→ DATA FOR THIS EXERCISE
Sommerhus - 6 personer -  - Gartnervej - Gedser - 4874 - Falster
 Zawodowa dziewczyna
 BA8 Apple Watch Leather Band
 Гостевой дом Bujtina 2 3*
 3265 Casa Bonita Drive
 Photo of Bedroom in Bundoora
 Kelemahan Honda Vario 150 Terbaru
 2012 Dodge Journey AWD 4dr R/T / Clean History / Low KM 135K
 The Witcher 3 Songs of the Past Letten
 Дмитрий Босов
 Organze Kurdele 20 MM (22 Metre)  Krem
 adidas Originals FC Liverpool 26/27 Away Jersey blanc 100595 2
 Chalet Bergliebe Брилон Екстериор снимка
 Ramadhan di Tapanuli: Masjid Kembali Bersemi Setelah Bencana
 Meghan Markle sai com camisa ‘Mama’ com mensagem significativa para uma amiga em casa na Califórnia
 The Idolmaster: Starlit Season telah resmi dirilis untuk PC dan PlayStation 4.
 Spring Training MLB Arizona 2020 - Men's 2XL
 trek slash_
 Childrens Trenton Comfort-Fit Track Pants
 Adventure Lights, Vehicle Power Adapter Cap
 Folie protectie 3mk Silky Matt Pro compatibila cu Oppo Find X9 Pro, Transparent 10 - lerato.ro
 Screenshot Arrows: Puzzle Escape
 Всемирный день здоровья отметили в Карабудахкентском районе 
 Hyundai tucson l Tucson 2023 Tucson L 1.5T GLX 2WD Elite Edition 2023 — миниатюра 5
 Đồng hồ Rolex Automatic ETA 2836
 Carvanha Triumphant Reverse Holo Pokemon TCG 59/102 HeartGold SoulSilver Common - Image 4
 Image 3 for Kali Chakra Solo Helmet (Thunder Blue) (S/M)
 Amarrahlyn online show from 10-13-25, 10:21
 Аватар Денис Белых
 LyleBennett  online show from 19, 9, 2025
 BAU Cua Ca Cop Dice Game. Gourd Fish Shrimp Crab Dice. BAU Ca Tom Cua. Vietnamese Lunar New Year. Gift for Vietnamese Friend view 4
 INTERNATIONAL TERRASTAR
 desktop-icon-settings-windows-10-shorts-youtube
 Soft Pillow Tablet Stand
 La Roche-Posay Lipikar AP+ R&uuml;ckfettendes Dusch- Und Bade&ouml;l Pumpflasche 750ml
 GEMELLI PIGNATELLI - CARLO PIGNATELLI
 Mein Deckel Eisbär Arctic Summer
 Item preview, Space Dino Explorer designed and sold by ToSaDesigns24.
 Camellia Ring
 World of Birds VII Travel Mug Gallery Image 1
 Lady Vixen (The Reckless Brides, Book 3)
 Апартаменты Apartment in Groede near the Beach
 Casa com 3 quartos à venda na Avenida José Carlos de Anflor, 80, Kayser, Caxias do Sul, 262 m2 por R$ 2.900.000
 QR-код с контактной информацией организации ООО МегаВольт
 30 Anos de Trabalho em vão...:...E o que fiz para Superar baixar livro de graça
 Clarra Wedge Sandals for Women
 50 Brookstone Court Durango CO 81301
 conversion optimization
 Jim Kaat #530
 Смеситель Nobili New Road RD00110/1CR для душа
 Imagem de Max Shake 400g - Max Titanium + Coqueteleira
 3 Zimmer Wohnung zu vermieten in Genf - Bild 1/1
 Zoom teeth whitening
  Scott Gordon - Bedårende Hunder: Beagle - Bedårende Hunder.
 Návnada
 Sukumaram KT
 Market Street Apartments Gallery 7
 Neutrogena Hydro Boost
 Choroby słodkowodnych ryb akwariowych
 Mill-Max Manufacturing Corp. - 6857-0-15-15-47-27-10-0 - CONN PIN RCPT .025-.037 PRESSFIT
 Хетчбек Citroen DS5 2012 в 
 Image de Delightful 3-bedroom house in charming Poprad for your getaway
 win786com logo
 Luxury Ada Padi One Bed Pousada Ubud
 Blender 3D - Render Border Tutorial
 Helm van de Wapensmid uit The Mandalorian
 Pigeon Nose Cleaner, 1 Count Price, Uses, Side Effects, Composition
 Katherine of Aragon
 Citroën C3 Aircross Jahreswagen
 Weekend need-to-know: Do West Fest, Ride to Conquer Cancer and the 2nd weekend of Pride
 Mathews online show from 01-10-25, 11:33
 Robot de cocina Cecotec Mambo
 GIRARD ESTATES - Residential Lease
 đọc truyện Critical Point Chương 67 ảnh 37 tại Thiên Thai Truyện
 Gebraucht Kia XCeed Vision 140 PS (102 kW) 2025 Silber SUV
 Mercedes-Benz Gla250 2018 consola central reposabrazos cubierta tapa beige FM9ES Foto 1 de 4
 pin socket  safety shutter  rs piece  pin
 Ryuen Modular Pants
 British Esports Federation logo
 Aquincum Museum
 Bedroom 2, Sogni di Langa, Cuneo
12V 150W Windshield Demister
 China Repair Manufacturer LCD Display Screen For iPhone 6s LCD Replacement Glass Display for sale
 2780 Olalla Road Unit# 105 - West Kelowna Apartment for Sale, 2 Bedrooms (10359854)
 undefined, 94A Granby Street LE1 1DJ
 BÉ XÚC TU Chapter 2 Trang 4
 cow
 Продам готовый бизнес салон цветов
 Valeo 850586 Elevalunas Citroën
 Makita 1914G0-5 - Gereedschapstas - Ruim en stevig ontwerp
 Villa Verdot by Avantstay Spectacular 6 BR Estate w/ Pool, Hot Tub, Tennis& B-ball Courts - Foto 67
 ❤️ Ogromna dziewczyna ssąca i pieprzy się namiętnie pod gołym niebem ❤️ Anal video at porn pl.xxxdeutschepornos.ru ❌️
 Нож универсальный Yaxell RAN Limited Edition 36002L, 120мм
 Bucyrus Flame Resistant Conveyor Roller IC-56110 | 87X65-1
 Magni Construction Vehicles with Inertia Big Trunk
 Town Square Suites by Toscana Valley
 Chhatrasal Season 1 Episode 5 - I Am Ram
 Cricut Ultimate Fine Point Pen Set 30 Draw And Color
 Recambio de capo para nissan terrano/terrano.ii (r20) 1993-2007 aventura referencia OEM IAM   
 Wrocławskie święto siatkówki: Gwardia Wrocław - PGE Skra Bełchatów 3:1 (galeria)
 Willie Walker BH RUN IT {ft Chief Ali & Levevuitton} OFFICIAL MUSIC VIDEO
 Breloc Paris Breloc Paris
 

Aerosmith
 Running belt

→ WORK REQUIRED
Recopy the entries above exactly, with every line included.

→ SOLUTION
Sommerhus - 6 personer -  - Gartnervej - Gedser - 4874 - Falster
 Zawodowa dziewczyna
 BA8 Apple Watch Leather Band
 Гостевой дом Bujtina 2 3*
 3265 Casa Bonita Drive
 Photo of Bedroom in Bundoora
 Kelemahan Honda Vario 150 Terbaru
 2012 Dodge Journey AWD 4dr R/T / Clean History / Low KM 135K
 The Witcher 3 Songs of the Past Letten
 Дмитрий Босов
 Organze Kurdele 20 MM (22 Metre)  Krem
 adidas Originals FC Liverpool 26/27 Away Jersey blanc 100595 2
 Chalet Bergliebe Брилон Екстериор снимка
 Ramadhan di Tapanuli: Masjid Kembali Bersemi Setelah Bencana
 Meghan Markle sai com camisa ‘Mama’ com mensagem significativa para uma amiga em casa na Califórnia
 The Idolmaster: Starlit Season telah resmi dirilis untuk PC dan PlayStation 4.
 Spring Training MLB Arizona 2020 - Men's 2XL
 trek slash_
 Childrens Trenton Comfort-Fit Track Pants
 Adventure Lights, Vehicle Power Adapter Cap
 Folie protectie 3mk Silky Matt Pro compatibila cu Oppo Find X9 Pro, Transparent 10 - lerato.ro
 Screenshot Arrows: Puzzle Escape
 Всемирный день здоровья отметили в Карабудахкентском районе 
 Hyundai tucson l Tucson 2023 Tucson L 1.5T GLX 2WD Elite Edition 2023 — миниатюра 5
 Đồng hồ Rolex Automatic ETA 2836
 Carvanha Triumphant Reverse Holo Pokemon TCG 59/102 HeartGold SoulSilver Common - Image 4
 Image 3 for Kali Chakra Solo Helmet (Thunder Blue) (S/M)
 Amarrahlyn online show from 10-13-25, 10:21
 Аватар Денис Белых
 LyleBennett  online show from 19, 9, 2025
 BAU Cua Ca Cop Dice Game. Gourd Fish Shrimp Crab Dice. BAU Ca Tom Cua. Vietnamese Lunar New Year. Gift for Vietnamese Friend view 4
 INTERNATIONAL TERRASTAR
 desktop-icon-settings-windows-10-shorts-youtube
 Soft Pillow Tablet Stand
 La Roche-Posay Lipikar AP+ R&uuml;ckfettendes Dusch- Und Bade&ouml;l Pumpflasche 750ml
 GEMELLI PIGNATELLI - CARLO PIGNATELLI
 Mein Deckel Eisbär Arctic Summer
 Item preview, Space Dino Explorer designed and sold by ToSaDesigns24.
 Camellia Ring
 World of Birds VII Travel Mug Gallery Image 1
 Lady Vixen (The Reckless Brides, Book 3)
 Апартаменты Apartment in Groede near the Beach
 Casa com 3 quartos à venda na Avenida José Carlos de Anflor, 80, Kayser, Caxias do Sul, 262 m2 por R$ 2.900.000
 QR-код с контактной информацией организации ООО МегаВольт
 30 Anos de Trabalho em vão...:...E o que fiz para Superar baixar livro de graça
 Clarra Wedge Sandals for Women
 50 Brookstone Court Durango CO 81301
 conversion optimization
 Jim Kaat #530
 Смеситель Nobili New Road RD00110/1CR для душа
 Imagem de Max Shake 400g - Max Titanium + Coqueteleira
 3 Zimmer Wohnung zu vermieten in Genf - Bild 1/1
 Zoom teeth whitening
  Scott Gordon - Bedårende Hunder: Beagle - Bedårende Hunder.
 Návnada
 Sukumaram KT
 Market Street Apartments Gallery 7
 Neutrogena Hydro Boost
 Choroby słodkowodnych ryb akwariowych
 Mill-Max Manufacturing Corp. - 6857-0-15-15-47-27-10-0 - CONN PIN RCPT .025-.037 PRESSFIT
 Хетчбек Citroen DS5 2012 в 
 Image de Delightful 3-bedroom house in charming Poprad for your getaway
 win786com logo
 Luxury Ada Padi One Bed Pousada Ubud
 Blender 3D - Render Border Tutorial
 Helm van de Wapensmid uit The Mandalorian
 Pigeon Nose Cleaner, 1 Count Price, Uses, Side Effects, Composition
 Katherine of Aragon
 Citroën C3 Aircross Jahreswagen
 Weekend need-to-know: Do West Fest, Ride to Conquer Cancer and the 2nd weekend of Pride
 Mathews online show from 01-10-25, 11:33
 Robot de cocina Cecotec Mambo
 GIRARD ESTATES - Residential Lease
 đọc truyện Critical Point Chương 67 ảnh 37 tại Thiên Thai Truyện
 Gebraucht Kia XCeed Vision 140 PS (102 kW) 2025 Silber SUV
 Mercedes-Benz Gla250 2018 consola central reposabrazos cubierta tapa beige FM9ES Foto 1 de 4
 pin socket  safety shutter  rs piece  pin
 Ryuen Modular Pants
 British Esports Federation logo
 Aquincum Museum
 Bedroom 2, Sogni di Langa, Cuneo
12V 150W Windshield Demister
 China Repair Manufacturer LCD Display Screen For iPhone 6s LCD Replacement Glass Display for sale
 2780 Olalla Road Unit# 105 - West Kelowna Apartment for Sale, 2 Bedrooms (10359854)
 undefined, 94A Granby Street LE1 1DJ
 BÉ XÚC TU Chapter 2 Trang 4
 cow
 Продам готовый бизнес салон цветов
 Valeo 850586 Elevalunas Citroën
 Makita 1914G0-5 - Gereedschapstas - Ruim en stevig ontwerp
 Villa Verdot by Avantstay Spectacular 6 BR Estate w/ Pool, Hot Tub, Tennis& B-ball Courts - Foto 67
 ❤️ Ogromna dziewczyna ssąca i pieprzy się namiętnie pod gołym niebem ❤️ Anal video at porn pl.xxxdeutschepornos.ru ❌️
 Нож универсальный Yaxell RAN Limited Edition 36002L, 120мм
 Bucyrus Flame Resistant Conveyor Roller IC-56110 | 87X65-1
 Magni Construction Vehicles with Inertia Big Trunk
 Town Square Suites by Toscana Valley
 Chhatrasal Season 1 Episode 5 - I Am Ram
 Cricut Ultimate Fine Point Pen Set 30 Draw And Color
 Recambio de capo para nissan terrano/terrano.ii (r20) 1993-2007 aventura referencia OEM IAM   
 Wrocławskie święto siatkówki: Gwardia Wrocław - PGE Skra Bełchatów 3:1 (galeria)
 Willie Walker BH RUN IT {ft Chief Ali & Levevuitton} OFFICIAL MUSIC VIDEO
 Breloc Paris Breloc Paris
 

Aerosmith
 Running belt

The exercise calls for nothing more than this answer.